Stimme aus Novi Sad: Katalin Ladik, Foto: Zsolt Székelyhidi

Der Sprache bis auf den Grund

Eine Retrospektive feiert das klingende Werk der Jugoslawin Katalin Ladik

Kraftvoll füllt die Stimme der Künstlerin Katalin Ladik die hohen Hallen des Ludwig Forums in ­Aachen, mal raumgreifend, mal punktuell einer bestimmten Collage zugehörig. Die Kurator*innen Hendrik Folkerts (Moderna Museet Stockholm) und Fanny Hauser vom Ludwig Forum haben mit einem offenen Klangkonzept gearbeitet, das nur wenige Kopfhörer integriert. Jeden Raum bestimmt auf diese Art und Weise eine von den jeweiligen Werken ausgehende Klanglandschaft, ohne dass die Geräusche sich gegenseitig störten. »Ooooooooo-pus«, so der Name der ersten Retrospektive Ladiks in Deutschland, ist eine klingende Ausstellung, passend zum facettenreichen Werk der Künstlerin, die lange Jahre vom Kunstmarkt ignoriert wurde.
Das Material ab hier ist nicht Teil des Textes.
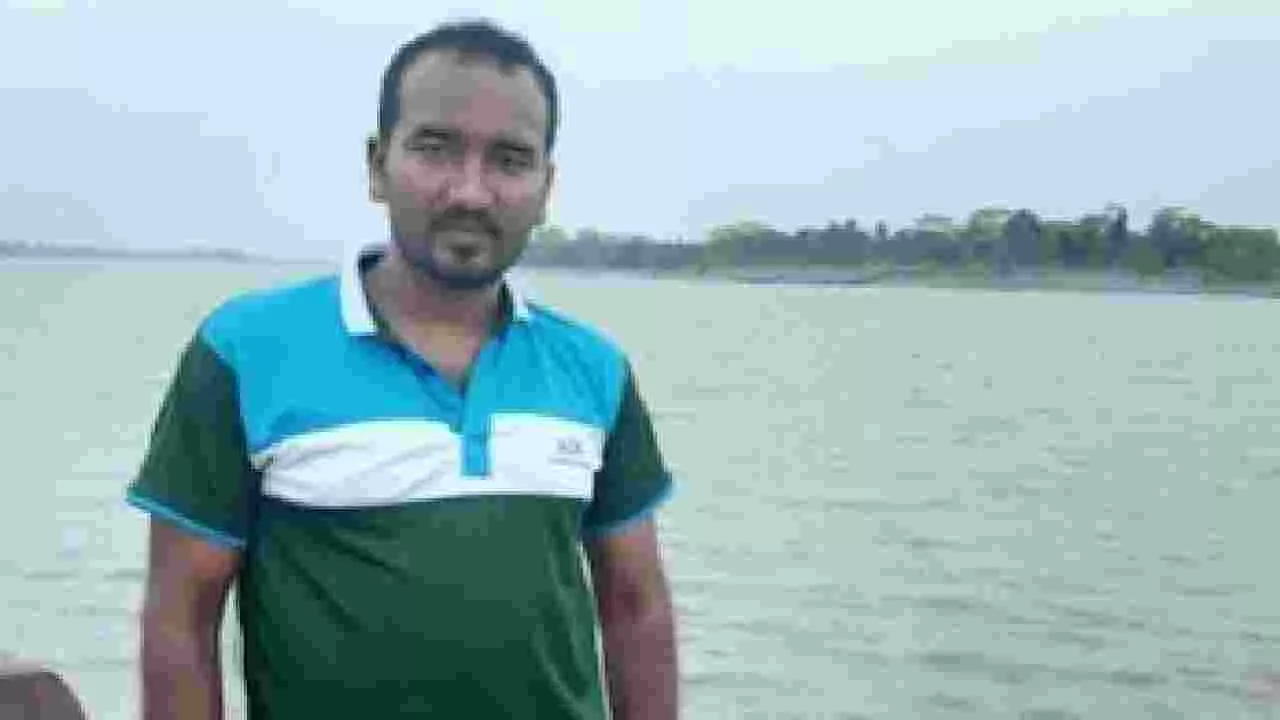 ಬಾಂಗ್ಲಾದಲ್ಲಿ ಹಿಂದೂಗಳು ತೆರಬೇಕಿದೆ ʻರಕ್ಷಣಾ ತೆರಿಗೆʼ; ಆದರೂ ಪ್ರಾಣಕ್ಕಿಲ್ಲ ಗ್ಯಾರಂಟಿ! ಬಾಂಗ್ಲಾದಲ್ಲಿ ಹಿಂದೂಗಳು ತೆರಬೇಕಿದೆ ʻರಕ್ಷಣಾ ತೆರಿಗೆʼ; ಆದರೂ ಪ್ರಾಣಕ್ಕಿಲ್ಲ ಗ್ಯಾರಂಟಿ!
Katalin Ladik wurde 1942 in Novi Sad geboren, einer multiethnischen Region, die damals zu Jugoslawien gehörte. Im zweiten Weltkrieg war diese von Ungarn besetzt — heute gehört sie zu Serbien. Das bilinguale Aufwachsen in diesem komplexen Gefüge prägte ihre literarische Entwicklung. Ihre erste Lyrik erschien in der Zeitschrift Új Symposion, einem literarischen Avantgarde-­Magazin junger Künstler*innen der ungarischen Minderheit in ­Jugoslawien, begleitet von einer Schallplatte mit phonischen ­Interpretationen.
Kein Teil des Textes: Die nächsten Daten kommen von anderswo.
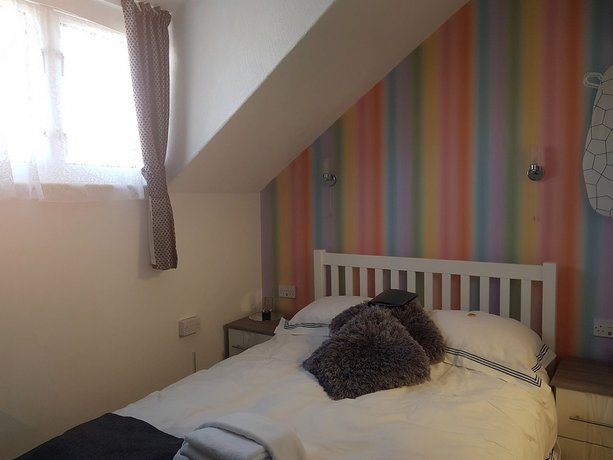 Sheron Guest House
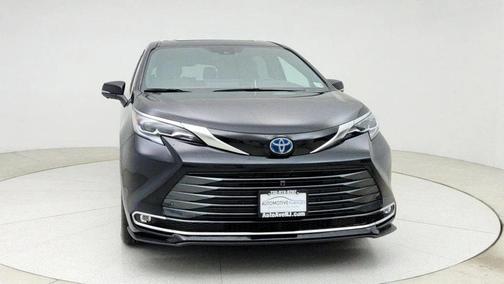 2025 Toyota Sienna Platinum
Von 1963 bis 1977 arbeitete Ladik beim Radio in Novi Sad u.a. mit Vladen Radovanović, der 1972 das elektronische Studio von Radio Belgrad mitbegründete. 1976 veröffentlichte Ladik, ebenfalls in Belgrad, ihr erstes Album mit dem Titel »Klangpoesie«. Ihre Partituren konkreter Poesie setzten sich ab den späten 1960ern aus Bildern, Farben, Mustern, verschiedenen Layouts, Formen und alternativen Typografien zusammen, wie es in der Fluxus-Szene üblich war. Der erste der chronologisch angelegten Räume versammelt Collagen aus vorgefundenem Material, wie Schnittmustern, Notenblätter, Schriftfragmente, Briefmarken. Unter fantasievollen Titeln wie »Fortschreitende Übung für Gitarre«, »Singing Legs« oder »HER ZIG« (1973–1979) sind die visuellen Gedichte montiert, es lassen sich Wörter in unterschiedlichen Sprachen entziffern.
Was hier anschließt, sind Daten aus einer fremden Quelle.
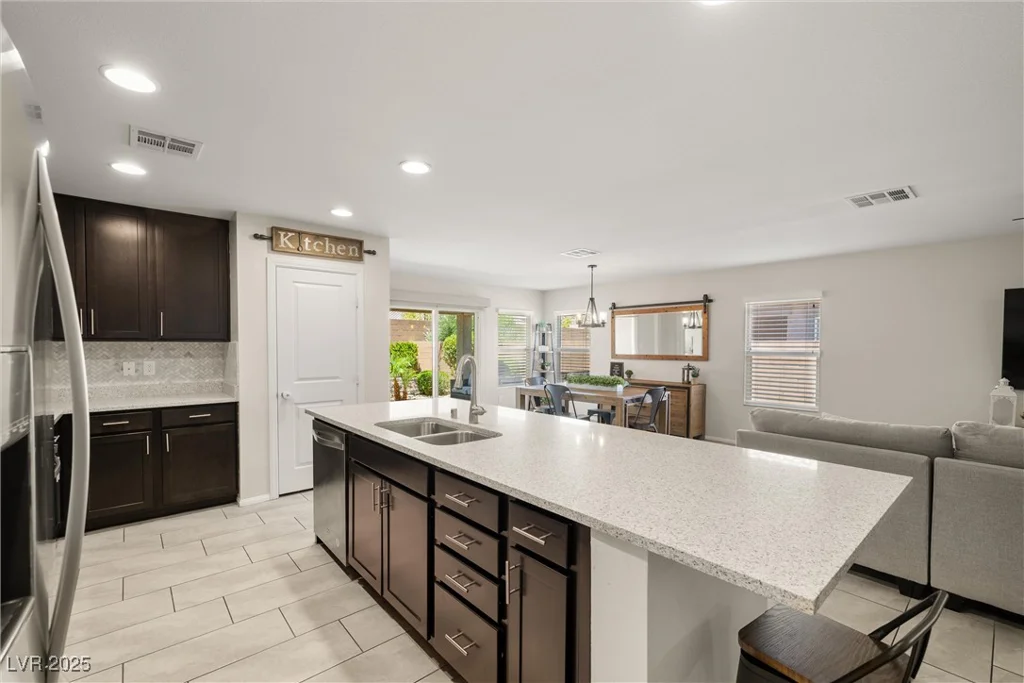 737 Kibbey, Las Vegas, NV 89178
Den Besucher*innen schallt währenddessen die performative Aufführung der Partitur aus dem jeweils unter dem Bild platzierten unscheinbaren Lautsprecher entgegen und lässt sie eintauchen in unterschiedliche Facetten des alltäglichen Lebens — und des politischen, wie die Rolle der Frau oder nationale Fragen. Heikle Themen in der zum Westen hin recht offen agierenden jugoslawischen Republik.

Die Künstlerin verortete sich in der Neoavantgarde. In ihren Foto- und Live-Performances performte sie oftmals unbekleidet, mit starker Mimik und Gestik, volkstümliche Musikinstrumente integrierend. Warum Ladik sich nicht enger mit anderen feministisch arbeitenden Performance-Künstlerinnen Jugoslawiens wie Sanja Iveković oder Marina Abramović vernetzte, bleibt offen. Auch mit poetisch ähnlich arbeitenden Künstlerinnen wie Ewa Partum in Polen oder Ruth Wolf-Rehfeldt in der DDR bestand offensichtlich kein Austausch; das direkte künstlerische Umfeld ­Ladiks blieb männlich dominiert. So war sie beispielsweise bis 1976 Mitglied des Künstlerkollektivs Bosch+Bosch in Ungarn, das Mail Art, Land Art, aber auch Performance-Kunst erforschte. Auch der Experimentalfilm »O-pus« (1972) entstand in diesem Zusammenhang, zusammen mit Attila Csernik und Imre Póth.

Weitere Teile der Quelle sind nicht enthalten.